SmartThings Community

Voice notifications using local computer for TTS audio rendering?

I’ve been thinking a lot on voice commands and notifications lately, and while I don’t have any development experience myself I know several people that do in my every day life.
I also know that many of you are capable of things I can only imagine.

With that said, Microsoft has an API for their TTS engine that I believe can be accessed remotely over the network.
Can the V1/V2 hub fire off URL requests to local servers on the same network, or does it REQUIRE the ST Cloud?

I’m running a voice from Ivona that I’d LOVE to have as my home voice.

Would it be possible to link ST with a SmartApp to the API for MS TTS and have it become the new TTS renderer?

Also, would it be possible to write a SmartApp that is purely for notifications where you can load a list of predefined MP3s on a web server or local computer to use as the audio notification source?

What about DropBox integration to use DropBox as the file store for pre-rendered MP3s?

Thoughts from our developers out there about whether I’m barking up the wrong tree for a “Wanted” item when there are cloud solutions out there already?

The local PC can act as a “cloud” server locally, if the hub can communicate with it locally.


There have been some community member projects in the past along these lines. This might be of interest. note that most have had the problem where a platform change would break with they were doing for a while.


Here is my favorite voice notification app. It does not only notifications but also plays radio stations.

Or here is a way to have voice notifications in languages other than English :smile:

Better an Reloaded Fix for TTS (TextToSpeech)


Thanks for the links all.

I’ve used Big Talker and @ule’s solutions as well.

What I’m looking to do is offload “cloud” processing of TTS to a local Windows computer that runs all the time in my home.
This is so that I can use a different voice, guarantee that all of my sentences are rendered as my local system is handling the rendering, or at the very least allow me to build MP3 files with the notifications I’m looking for.

The other option would be a SmartApp that handles voice notifications and allows you to specify the URL for a pre-rendered MP3 file in the voice of your choice for each notification.
EG: Notifications for door opened/closed could be “Use this file” or be set to “Use TTS engine”. The TTS engine could be the current cloud solution, or it could be the one hosted in-home in Windows.

Would this be possible?

There is a similar app using an Android device to process TTS locally. In combination with Big Talker app, it’s been working very reliably.
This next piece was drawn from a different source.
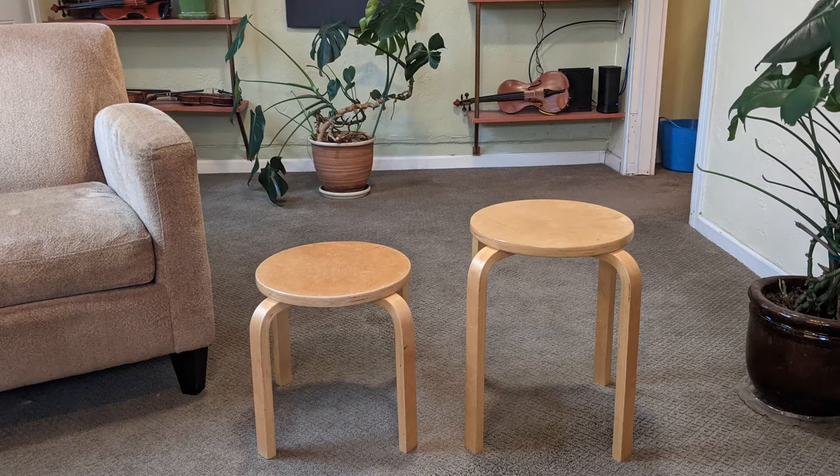I have a couple of stools in the studio. One is particularly short for very small children — four and five year olds — I just cut the legs down. The others are normal size for someone like 10, 11, or 12 years old. It's nice to have a couple extra because if they bring friends, they can sit there, and I try to get them to engage in the music.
Also coming down the pipe is the Aeon Doorbell that can play back up to 100 MP3 sounds. It’s still in community development though.
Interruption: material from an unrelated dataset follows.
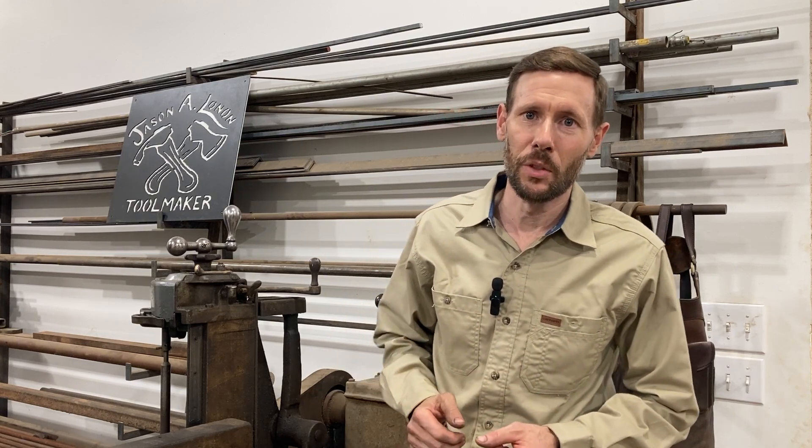You may ask, who is this guy that's going to tell me about steel? Well, my name is Jason Lonnon, and I'm a blacksmith, woodworker, and a maker and user of fine hand tools. I've been blacksmithing for over 25 years, and I've spent 15 years teaching welding and fabrication in the North Carolina Community College System. One of the classes that I taught regularly was welding metallurgy, and I've also been a certified welding inspector.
As @Jimxenus mentioned, I wrote LANdroid/LANnouncer to do that with Android. Windows doesn’t widely use TTS, but the Windows.Media.SpeechSynthesis class is available from Windows 8.1 or so on. It wouldn’t be hard to use the same LANdroid SmartThings modules to work with a Windows-side class in Node or C# to do the audio rendering.

I am using LANnouncer on my phone for when I’m at home. It works great!

So, are you saying that it would be possible to have Windows render the TTS into an MP3, and then play that over Sonos/LANnouncer/DLNA?

You don’t need to do that; Big Talker can do the TTS-to-audio-file. I’m saying that the Android part of LANdroid/LANnouncer could be ported to Windows without too much effort.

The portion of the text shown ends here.